Yet how would we have survived against the predations of ogres, trolls, vampires, werewolves, or even dragons? What would have kept humans from washing over elves, or dwarves, and snuffing them out? I am just plugging in fantasy trope races here—you can substitute any non-human intelligent species. They are all going to fight for their own survival and success in different ways. Remember, we’re not talking about different races of humans here, we are talking different species entirely. Their own solutions should be quite unhuman.

The answers are up to you—this is where the fantasy begins. Possibilities are quite endless, and it’s the thinking of how those possibilities could play out that builds worlds. One thing not to do is assume that the landscape itself kept these rival species separated. That would be a mistake, and too easy of a way out. Humankind spread to every corner of the globe, we didn’t stop at inhospitable wilderness, desert, high mountains, or even wide seas. And we did this spreading early on in our rise to civilization.

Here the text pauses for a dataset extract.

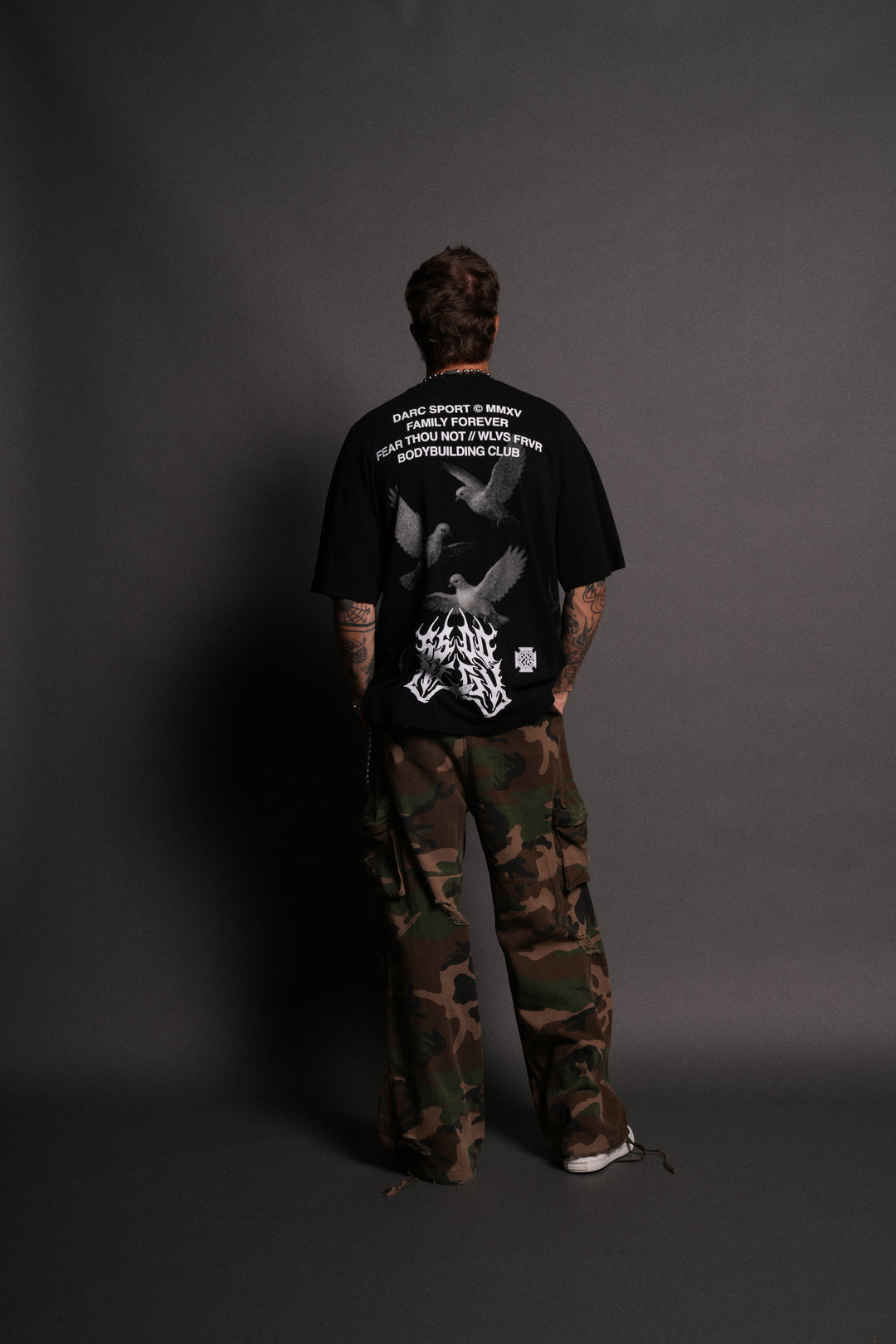 Darc Flight "Side By Side" Series Premium Oversized Tee in Black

Your answers will have a direct effect on those castles dotting your landscape—were they built to withstand giants and dragons hungry for a human morsel? How did that change them? How close will people build a village to the haunted forest when it’s not just superstition that keeps them afraid of the place, but the man-eating trolls who live within? How far will the trolls travel beyond their forest for a meal? How would mankind mount a defense to protect their farmers and cattle against a foe much smarter and stronger than wolves?

Don’t just say magic here… If you do, why don’t the trolls have magic too? If men have magic to stop the trolls, what prevents men from exterminating the trolls? Our ancestors had better spears and clubs than the Neanderthals—we wiped them out—and not because they ate our babies, they were just in land we wanted. How much more desperately and violently would we have fought against an intelligent species that saw us as food?

Maybe extinction is something you want to go with. Ancient ruins of extinct races can hold a wealth of story.

I call this aspect of world building ‘world roleplaying’—every single viable solution you come up with is going to make your world unique and deep with lore.

Perhaps humans become a slave race to a more powerful species. Deities aren’t just worshipped, they are running a protection racket for their worshippers. Demons are summoned as guardians for cattle ranches. Castles aren’t made of stone, but magical force fields. Borders are defended by wards which rivals are constantly trying to break through.

The list is endless, and as each solution survives the test of time and alters to withstand changing threats, things become more and more uniquely your own. How will your hero travel this landscape? How do these factors affect your map? What about trade between species? Who have become allies with humans? How has this affected human culture and the family unit?

These things should all affect the story you want to tell.

More questions—and again, each time you come up with an answer, you are making your world more unique, claiming tropes as your own, and doing away with clichés. You are also making a world which could have a story all its own. Embrace your world as another character in your story. This is a world with a story that I want to read!

How would these exercises apply to an urban fantasy? Can you even see a modern day New York where a fantasy element lives? What hoops does one have to jump through to keep the world as we know it, yet populated with wizards and ogres on the fringes?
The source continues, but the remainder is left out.